VIDEO: He Narrowly Escaped Getting Hit by a Train
Some people are very, very lucky – escape death kind of lucky!
The video below shows a man narrowly escaping getting hit by a train. That must’ve been his life changing near death experience.
People who’ve had near death experiences usually think of them as positive experiences. Most of them start appreciating life more, which actually makes sense if you think about it.
Scientists have taken an interest in the subject and have conducted a bunch of research regarding it.
According to Wikipedia, contemporary interest in this field of study was originally spurred by the writings of Raymond Moody such as his book Life After Life, which was released in 1975, brought public attention to the topic of NDEs.
This was soon to be followed by the establishment of the International Association for Near-Death Studies in 1981. IANDS is an international organization that encourages scientific research and education on the physical, psychological, social, and spiritual nature and ramifications of near-death experiences.
Bruce Greyson (psychiatrist), Kenneth Ring (psychologist), and Michael Sabom (cardiologist), helped to launch the field of near-death studies and introduced the study of near-death experiences to the academic setting.
From 1975 to 2005, some 2,500 self-reported individuals in the US had been reviewed in retrospective studies of the phenomena with an additional 600 outside the US in the West, and 70 in Asia.
Prospective studies, reviewing groups of individuals and then finding who had an NDE after some time and costing more to do, had identified 270 individuals. In all, close to 3,500 individual cases between 1975 and 2005 had been reviewed in one or another study.
All these studies were carried out by some 55 researchers or teams of researchers. The medical community has been reluctant to address the phenomenon of NDEs, and grant money for research has been scarce.
Melvin Morse, head of the Institute for the Scientific Study of Consciousness, and colleagues have investigated near-death experiences in a pediatric population.
Major contributions to the field include Ring’s construction of a “Weighted Core Experience Index” to measure the depth of the near-death experience, and Greyson’s construction of the “Near-death experience scale” to differentiate between subjects that are more or less likely to have experienced an NDE.
The latter scale is also, according to its author, clinically useful in differentiating NDEs from organic brain syndromes and non-specific stress responses. The NDE-scale was later found to fit the Rasch rating scale model. Greyson has also brought attention to the near-death experience as a focus of clinical attention.

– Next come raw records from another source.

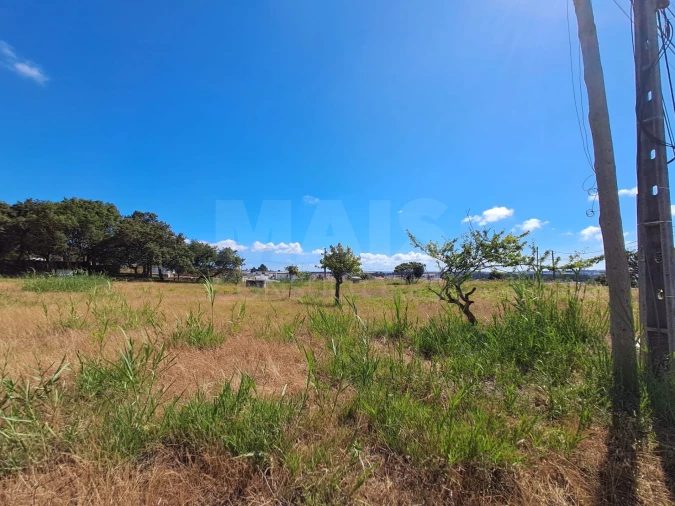Terreno para Venda em Tornada e Salir do Porto Foto 3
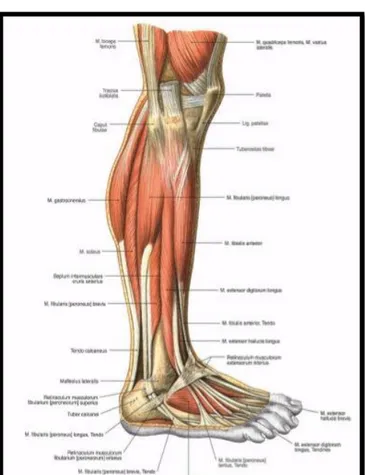 Gambar 5. Otot-otot Tungkai Bawah dan Kaki 11 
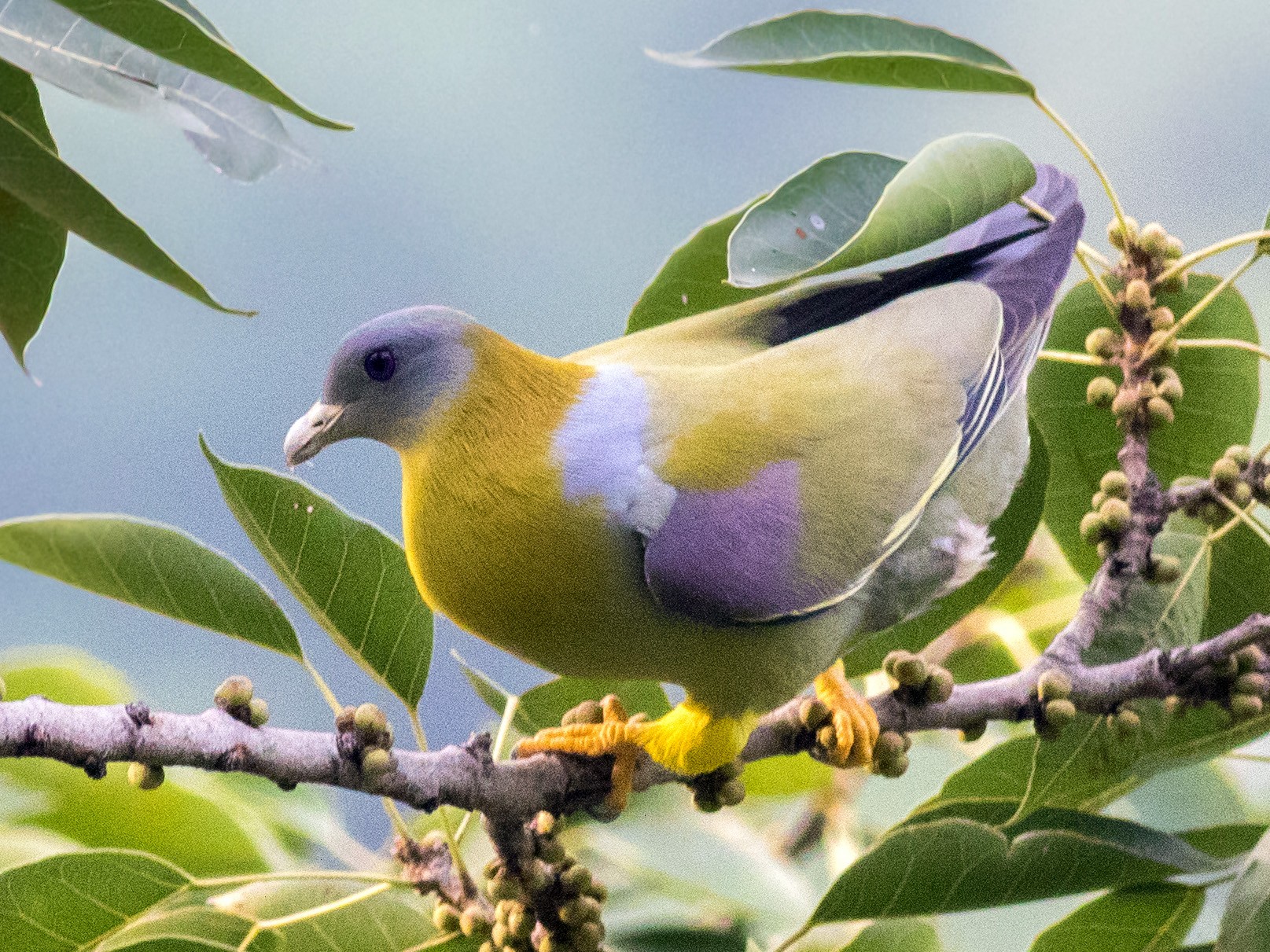 Yellow-footed Green-Pigeon - abhishek ravindra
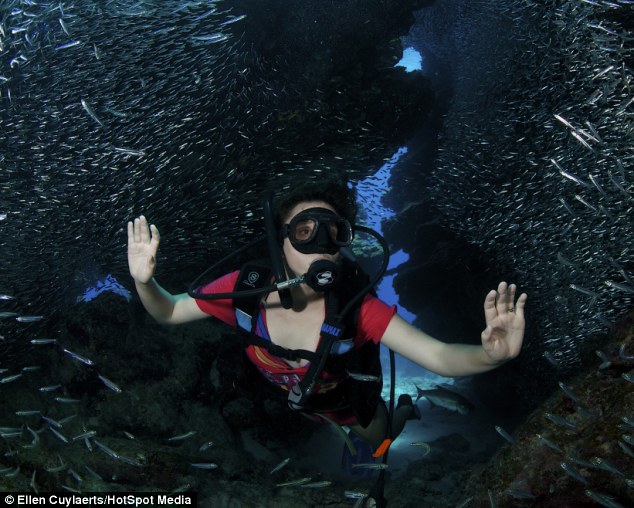 Incredible images capture thousands of silverside fish - PHOTO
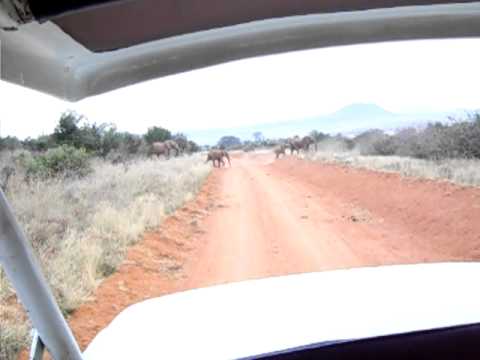Elephants acrossing in Tsavo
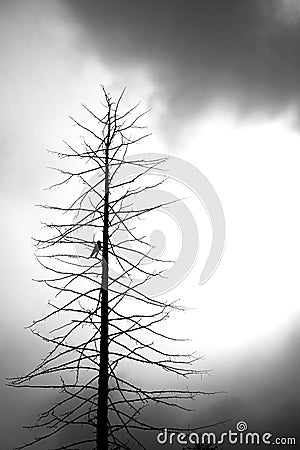 Dead tree with a crow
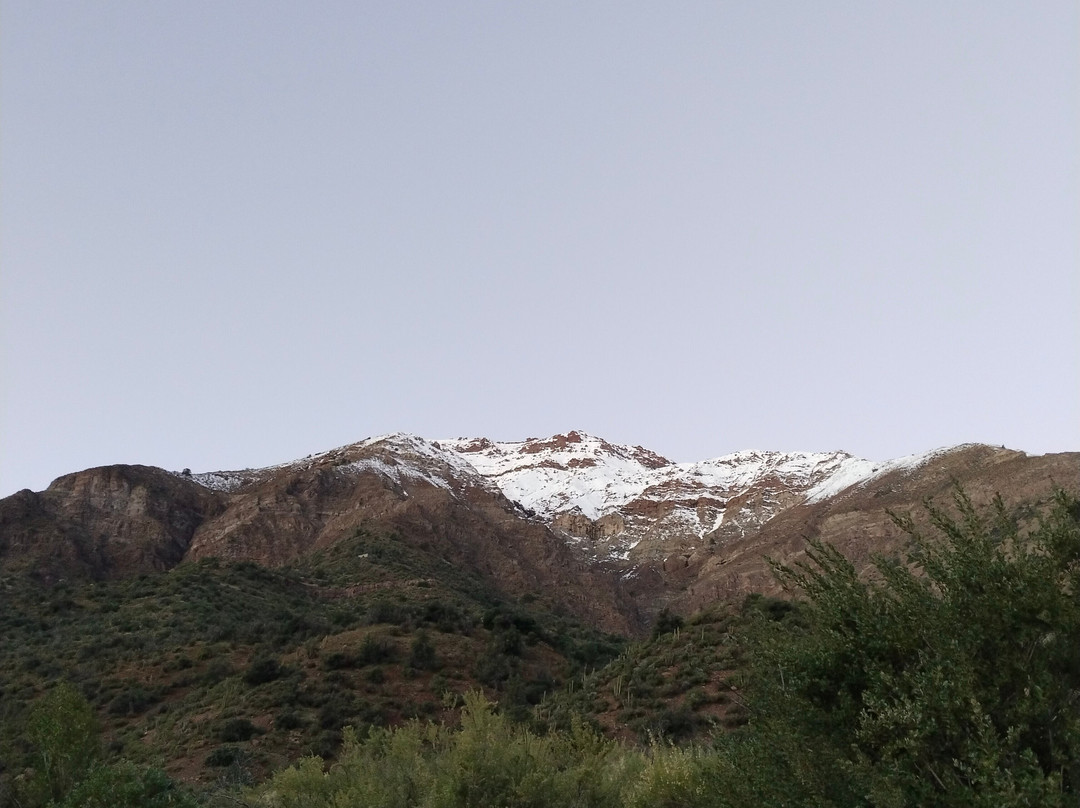 La Finca De Melocotón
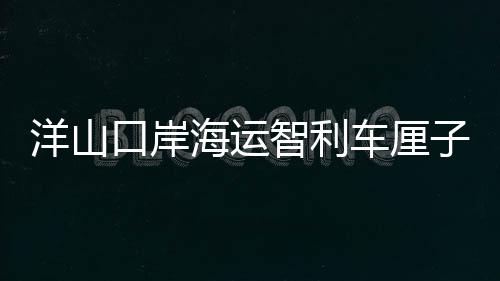 洋山口岸海运智利车厘子密集抵港 边检机关抵前查验助鲜果高效入境 每年的边检12月到2月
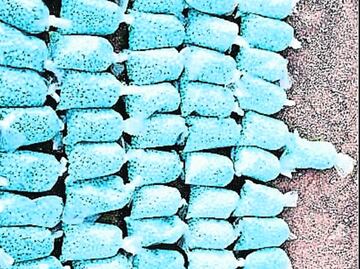 Los hermanos, en la mira de autoridades desde el año 2022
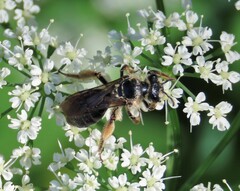 Andrena crataegi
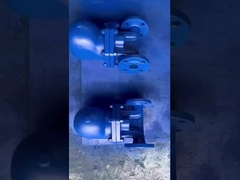 鋳造鋼 ステンレス鋼 WCB CF8 CF8M レベルボール フローティング 蒸気キャップ 蒸気使用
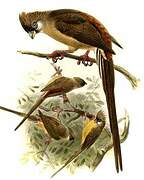 Red-backed Mousebird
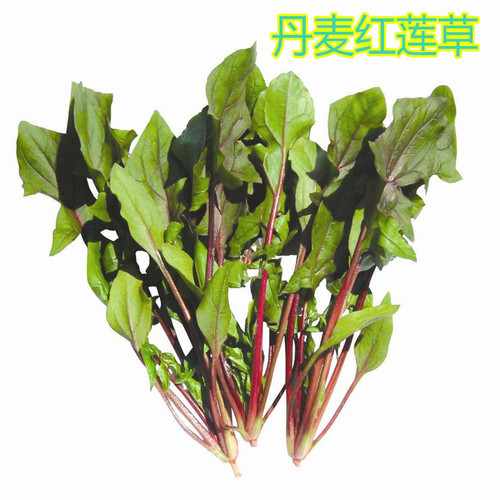 丹麦红莲草种子红连草种籽特色养生保健蔬菜种子盆栽四季蔬菜包邮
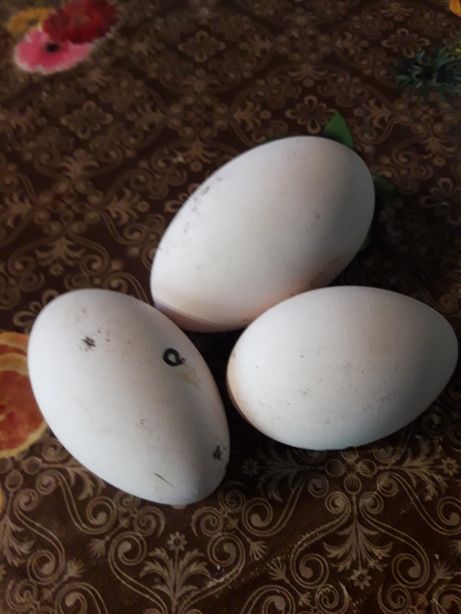Продаются инкубационный ГУСИНЫЕ яйца
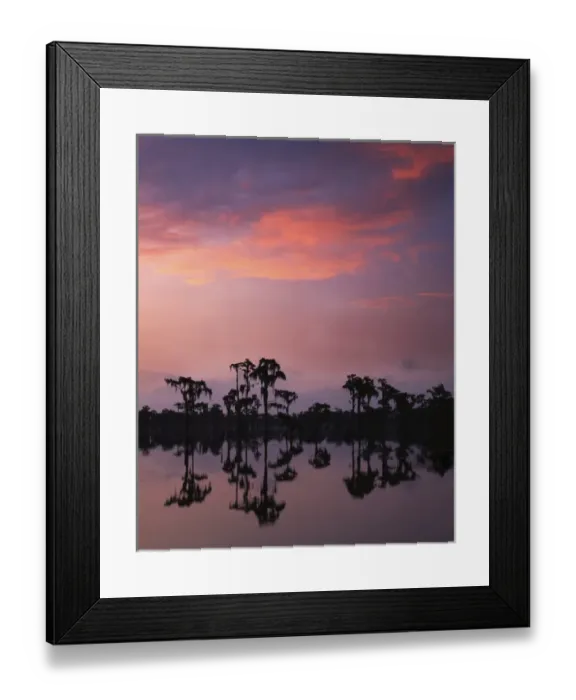 Framed Print : USA, Georgia, Banks Lake National Wildlife Refuge, Bald Cypress at Dawn Framed Print : USA, Georgia, Banks Lake National Wildlife Refuge, Bald Cypress at Dawn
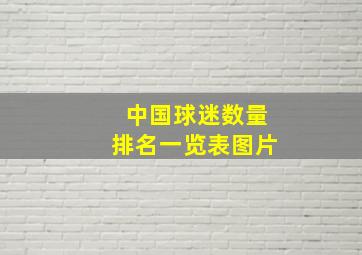 中国球迷数量排名一览表图片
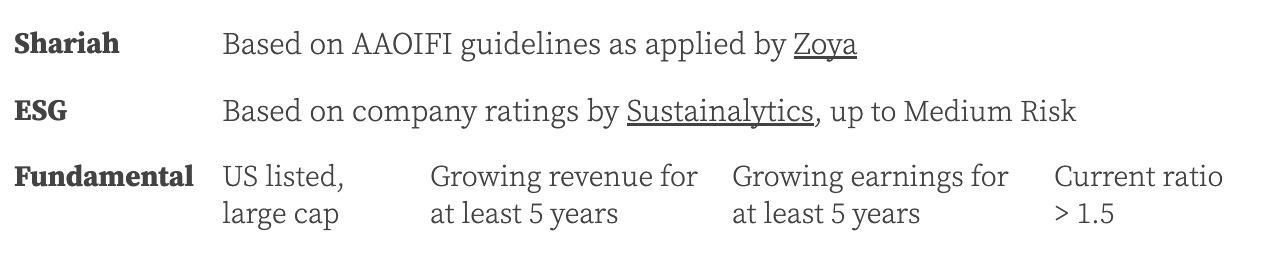 best performing halal stocks selection criteria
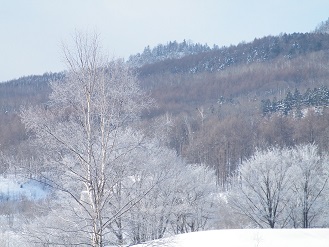 木々が寒そう 樹氷かなー 30%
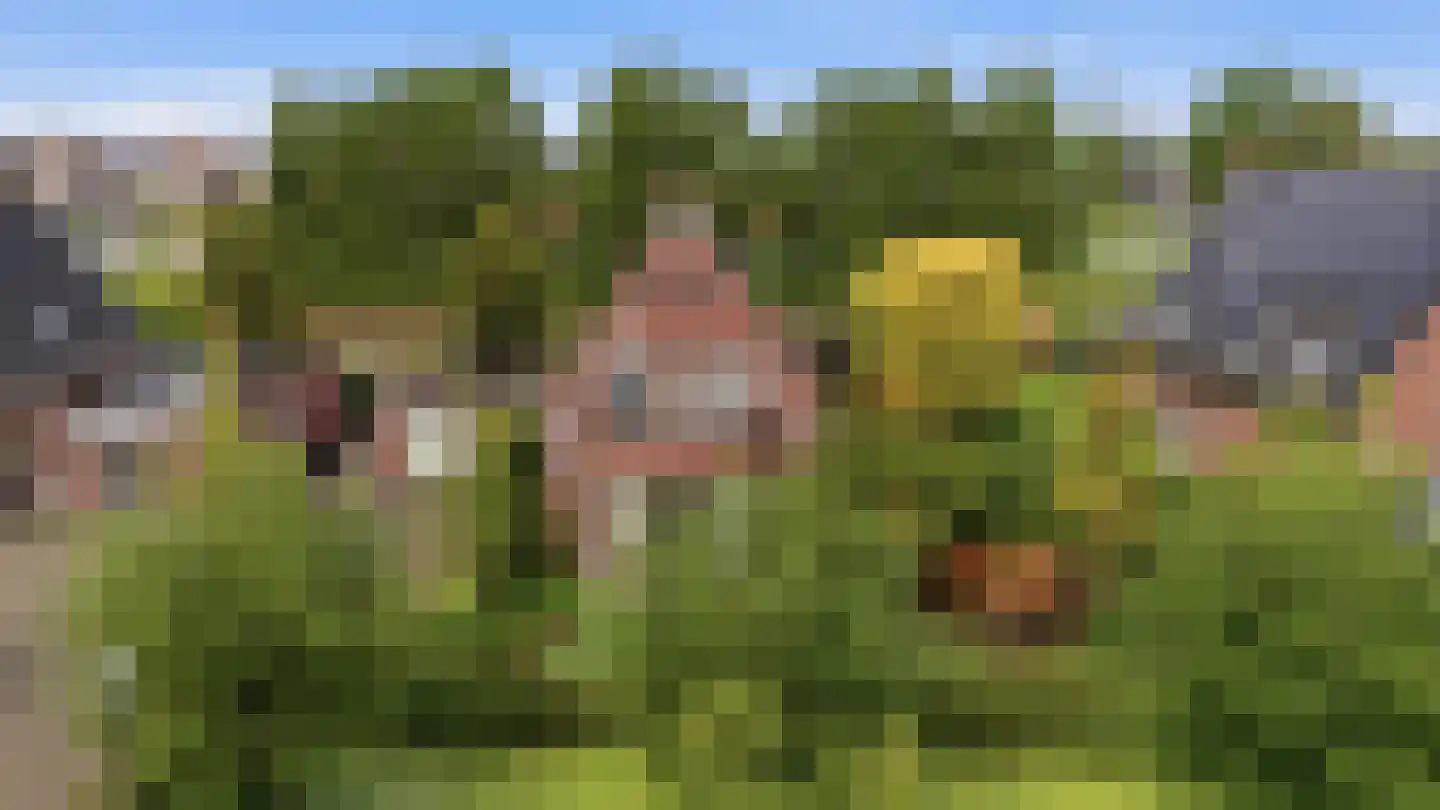 Slauerhofflaan 1 c Raamsdonksveer thumbnail 5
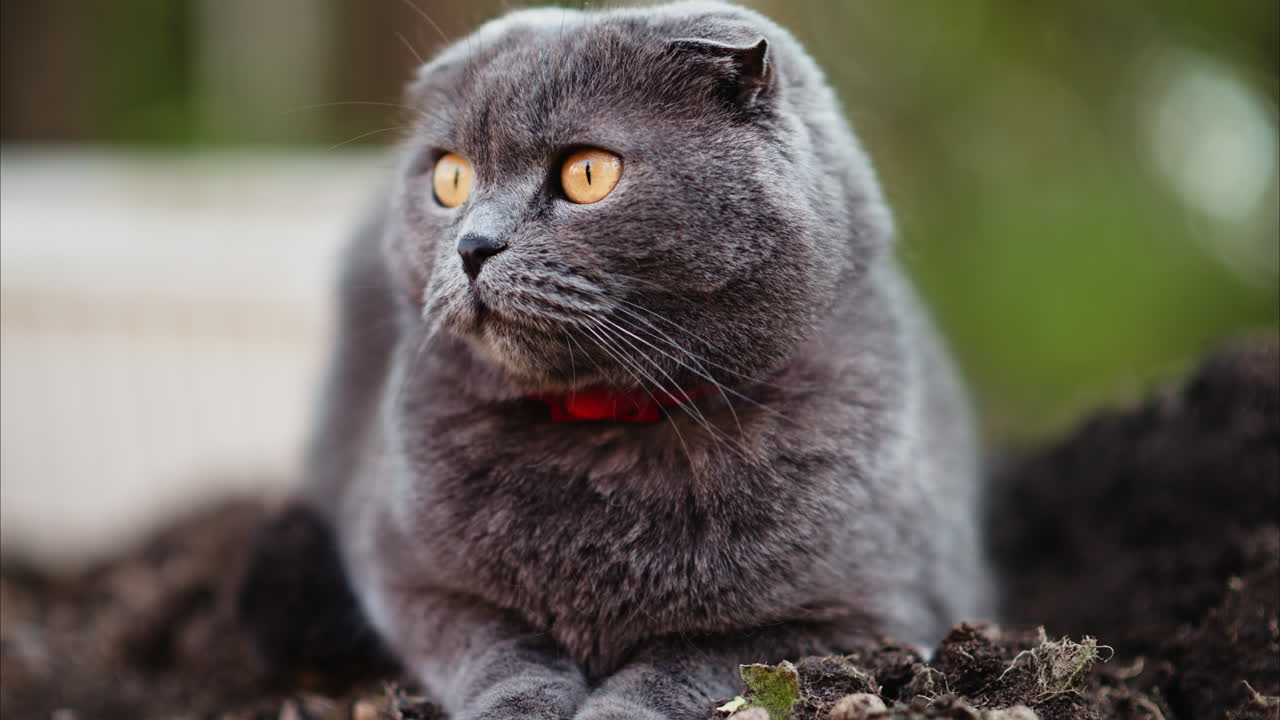 Grey Scottish Fold cat with orange eyes looking around in a garden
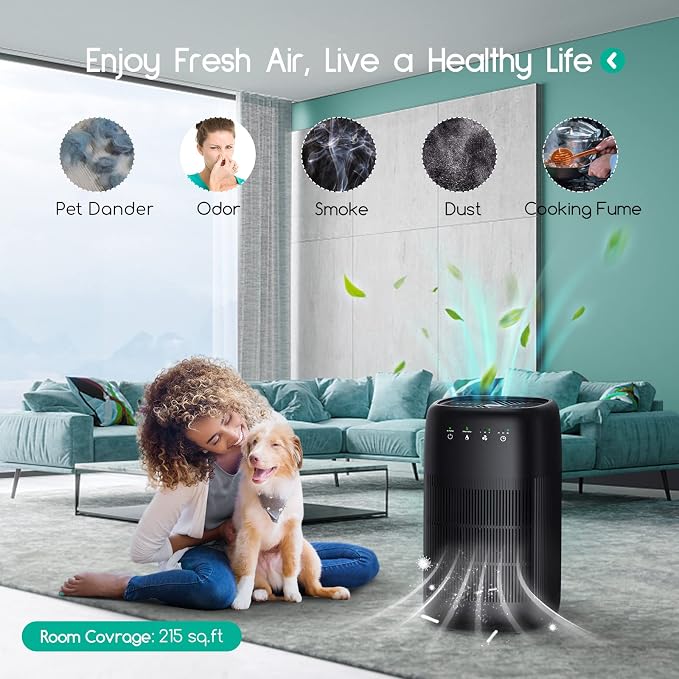 Afloia Air Purifier and Dehumidifier in 1, Air Purifier with Efficient Filter, Small Dehumidifier Combined with Air Cleaner, Remove Pet Odors Dust Smoke for Home, Bedroom, Bathroom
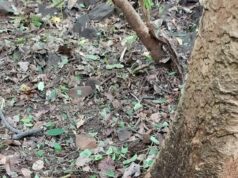 सुरक्षा बलों की सतर्कता से टली बड़ी तबाही, दंतेवाड़ा में 5 किलो प्रेशर कुकर आईईडी निष्क्रिय
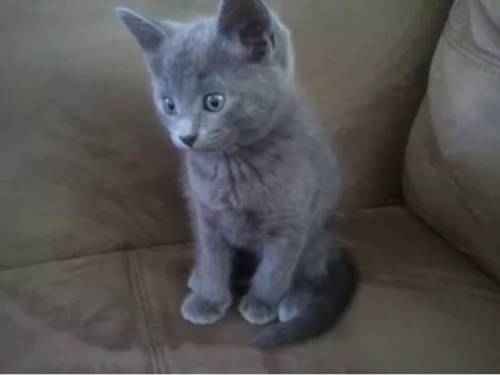 blue russian kitten - description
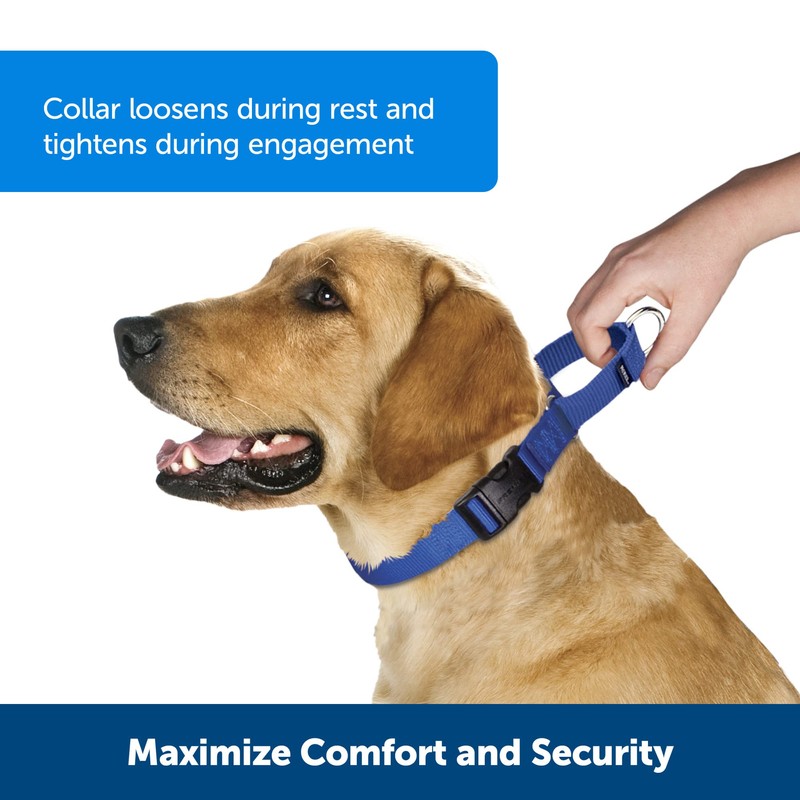 PetSafe Martingale Collar con Hebilla de Cierre rápido, 1 Pulgada,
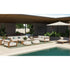 Tamarindo 2 Seater Sofa I Coco Wolf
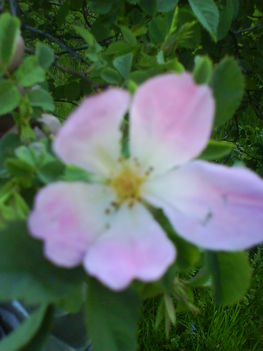 DSC00764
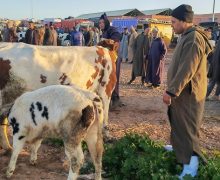 هيئة وطنية  تراسل عامل إقليم مديونة حول اخلال جماعة سيدي حجاج واد حصار بمواقيت وايام عقد سوق البهائم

The main argument in support of the psychological theories was that many people who had had a close encounter with death, such as those involved in near-fatal accidents, had described experiencing many of the features of a near death experience just prior to the accident.
This had been a feature of the cases described by Albert Heim,[56] the nineteenth-century geologist who had collected over 30 cases of mountaineers who had been involved in near-fatal accidents.
The former of the two review articles, explains that NDE experiencers (NDErs) do not differ from the population at large as far as anxiety, intelligence, neuroticism, extraversion and Rorschach indicators. NDErs have been found to be healthy psychological individuals.